We are not restricted to using names of variables inside of brackets in an f-string. We can, in fact, place any expression that we would like inside of the brackets.
These concepts are illustrated in the next example.
z = 3.56
print(f'The square of {z} is {z**2}.')
Occasionally, we would like to insert a value into a string with additional spaces padding the value on the left or the right so that the printed value and the additional spaces together constitute a specific number of characters. We can accomplish this using f-strings by following the expression within the braces with a colon :, one of the symbols < or >, and then an integer value. The integer indicates the number of characters that should be set aside for the inserted value, and the selected arrow symbol controls whether the value should be left-justified (<) or right-justified (>).
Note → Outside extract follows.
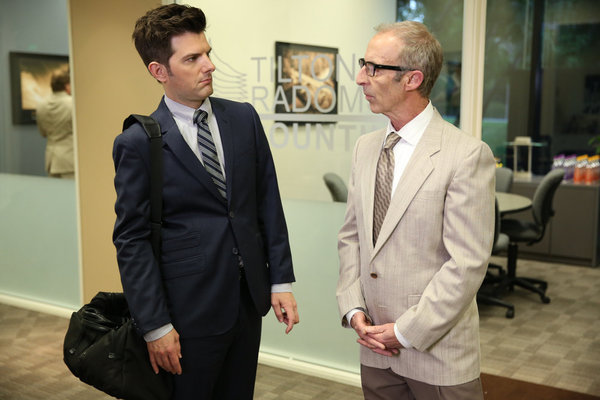 Adam Scott and Bob Bancroft in Parks and Recreation (2009)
We illustrated this in the cell below.
my_text = 'text'
print(f'--{my_text:>6}--')
print(f'--{my_text:<6}--')
This feature of f-strings is particularly useful when we would like to display output in a tabular format, consisting of multiple rows and columns. We can use f-strings to make sure that each entry in a column takes the same amount of space, and is aligned on either the left or the right. This is illustrated below.
num1 = 1
fname1 = 'George'
lname1 = 'Washington'
num2 = 2
fname2 = 'John'
lname2 = 'Adams'
num3 = 16
fname3 = 'Abraham'
lname3 = 'Lincoln'
print('First Name Last Name Number')
print('--------------------------------------')
print(f'{fname1:<15}{lname1:<15}{num1:>6}')
print(f'{fname2:<15}{lname2:<15}{num2:>6}')
print(f'{fname3:<15}{lname3:<15}{num3:>6}')